* **Task instructions**: Use the entries below and reproduce exactly the lines from the one containing "Waren Müritz Hotel" down to the one containing "BURKERT 006123P 110V NSNP", both of them included.

* **Information shown**:
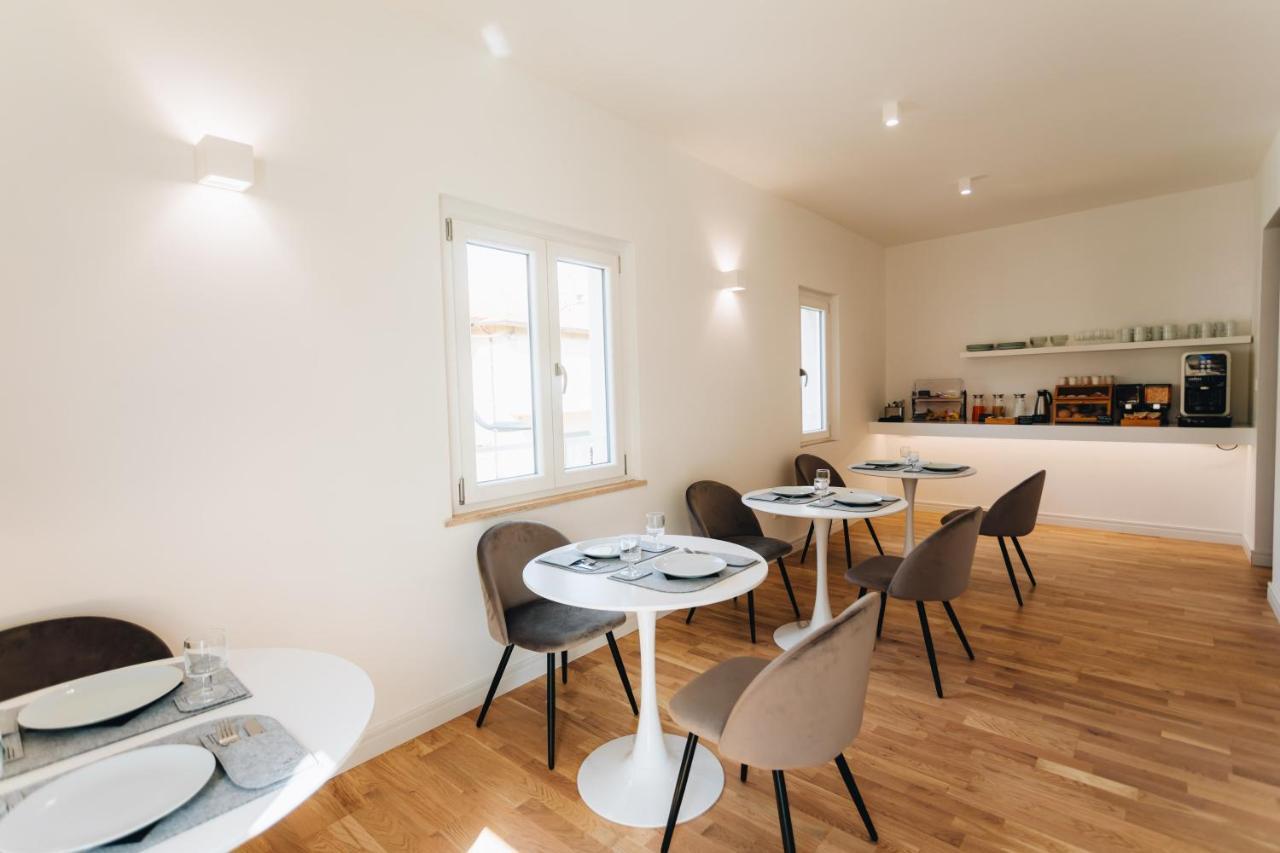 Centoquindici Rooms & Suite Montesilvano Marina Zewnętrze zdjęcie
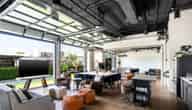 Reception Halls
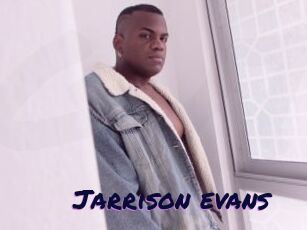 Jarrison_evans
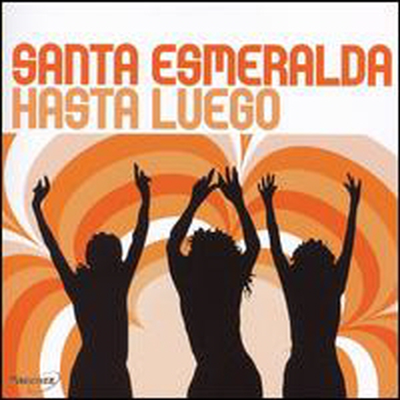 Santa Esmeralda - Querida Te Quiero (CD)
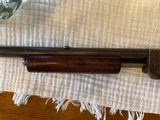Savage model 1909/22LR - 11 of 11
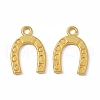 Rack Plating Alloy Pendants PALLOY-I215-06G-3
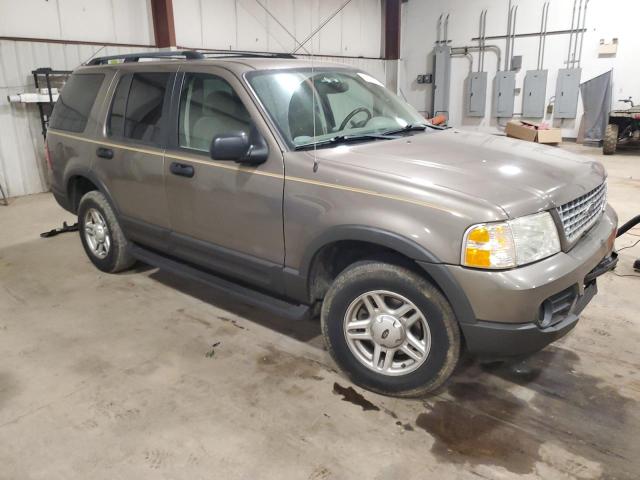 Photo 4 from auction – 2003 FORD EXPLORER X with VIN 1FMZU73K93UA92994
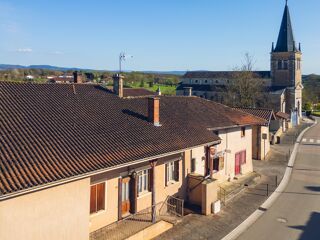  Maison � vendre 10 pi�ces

---

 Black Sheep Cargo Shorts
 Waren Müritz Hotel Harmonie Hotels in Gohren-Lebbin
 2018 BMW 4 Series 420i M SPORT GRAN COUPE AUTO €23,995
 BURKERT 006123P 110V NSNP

* **Exercise result**:
 Waren Müritz Hotel Harmonie Hotels in Gohren-Lebbin
 2018 BMW 4 Series 420i M SPORT GRAN COUPE AUTO €23,995
 BURKERT 006123P 110V NSNP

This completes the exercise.